Your container is not a VM. Everyone knows that — but most people stop at "shared kernel" and move on. The real implication is scarier: if your containerized app gets exploited, the attacker lands inside a process that has direct access to the same kernel your host OS is running on. Without additional protection, they can call any syscall the kernel exposes.

That's where seccomp and AppArmor come in. They've been in Linux for over a decade, they're supported by every major container runtime, and they're still criminally underused in production. Let me fix that.

The Problem: Your Container Can Call What?

When your Node.js API is running in a container, it can technically invoke ptrace(), mount(), reboot(), and a bunch of other syscalls that have absolutely no business being available to a web server. If an attacker exploits your app, they might escalate by calling one of those directly.

This is how container escapes happen. The attack surface is the kernel — and by default, you're leaving most of it exposed.
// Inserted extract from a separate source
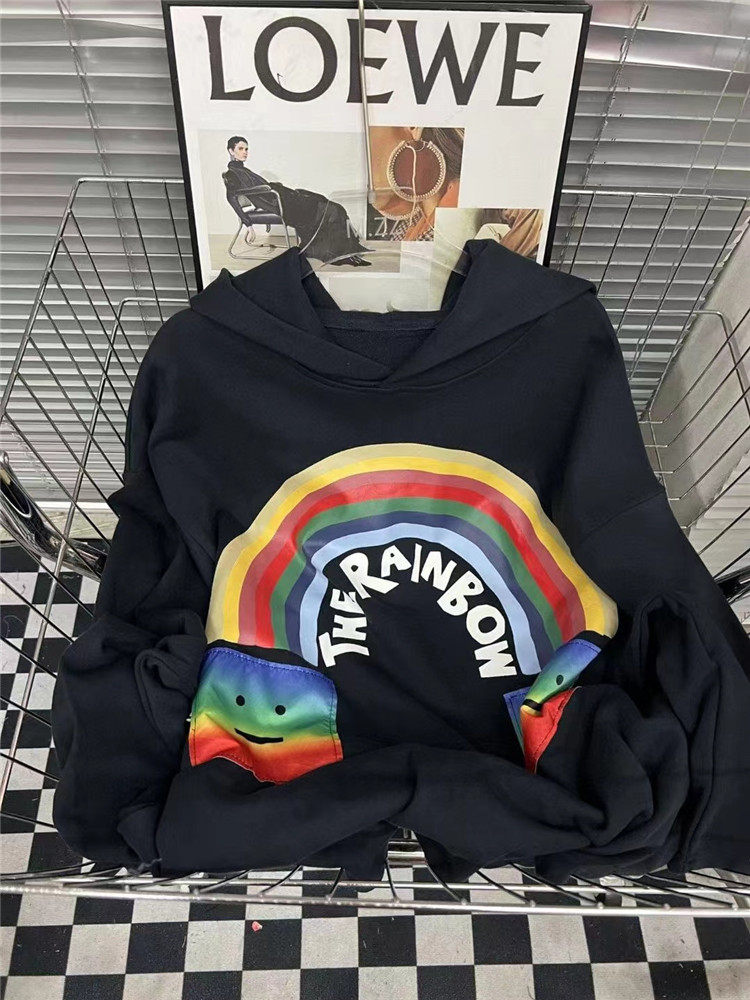 彩虹笑脸连帽卫衣瑞典小众ac2022早秋新款宽松字母印花男女外套潮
First, check what your containers are actually running:

docker inspect --format='{{.HostConfig.SecurityOpt}}' my-container
# [] means no custom profile — you're on Docker's default, or nothing at all

If that returns empty brackets on your production workloads, keep reading.

Seccomp: The Syscall Bouncer

seccomp (Secure Computing Mode) lets you define an allowlist of syscalls a process is permitted to make. Docker ships a default seccomp profile that blocks ~44 dangerous syscalls, but "default" varies by runtime version and is not a substitute for per-application hardening.

A minimal seccomp profile for a typical web service looks like this:

{
  "defaultAction": "SCMP_ACT_ERRNO",
  "architectures": ["SCMP_ARCH_X86_64"],
  "syscalls": [
    {
      "names": [
        "read", "write", "open", "openat", "close", "stat", "fstat",
        "mmap", "mprotect", "munmap", "brk", "rt_sigaction",
        "rt_sigprocmask", "rt_sigreturn", "ioctl", "select", "dup",
        "dup2", "nanosleep", "getpid", "socket", "connect", "accept",
        "sendto", "recvfrom", "sendmsg", "recvmsg", "shutdown",
        "bind", "listen", "getsockname", "getpeername", "setsockopt",
        "getsockopt", "clone", "fork", "execve", "exit", "wait4",
        "kill", "uname", "fcntl", "flock", "fsync", "getcwd",
        "chdir", "rename", "mkdir", "rmdir", "unlink", "readlink",
        "gettimeofday", "getuid", "getgid", "geteuid", "getegid",
        "futex", "clock_gettime", "clock_nanosleep", "exit_group",
        "epoll_wait", "epoll_ctl", "epoll_create1", "getdents64",
        "newfstatat", "getrandom", "accept4", "pipe2", "prlimit64",
        "set_robust_list", "get_robust_list", "sched_yield"
      ],
      "action": "SCMP_ACT_ALLOW"
    }
  ]
}

Apply it via Docker:

docker run --security-opt seccomp=./web-seccomp.json my-image

In Kubernetes, seccomp profiles have been stable since 1.19 and are stupidly easy to enable:

apiVersion: v1
kind: Pod
spec:
  securityContext:
    seccompProfile:
      type: RuntimeDefault   # container runtime's built-in profile
  containers:
    - name: app
      securityContext:
        allowPrivilegeEscalation: false
        runAsNonRoot: true
        readOnlyRootFilesystem: true

RuntimeDefault gets you the runtime's built-in profile (equivalent to Docker's default). For tighter control, use Localhost and reference a custom profile dropped onto every node. For most services, RuntimeDefault is a meaningful improvement over nothing and costs you zero effort.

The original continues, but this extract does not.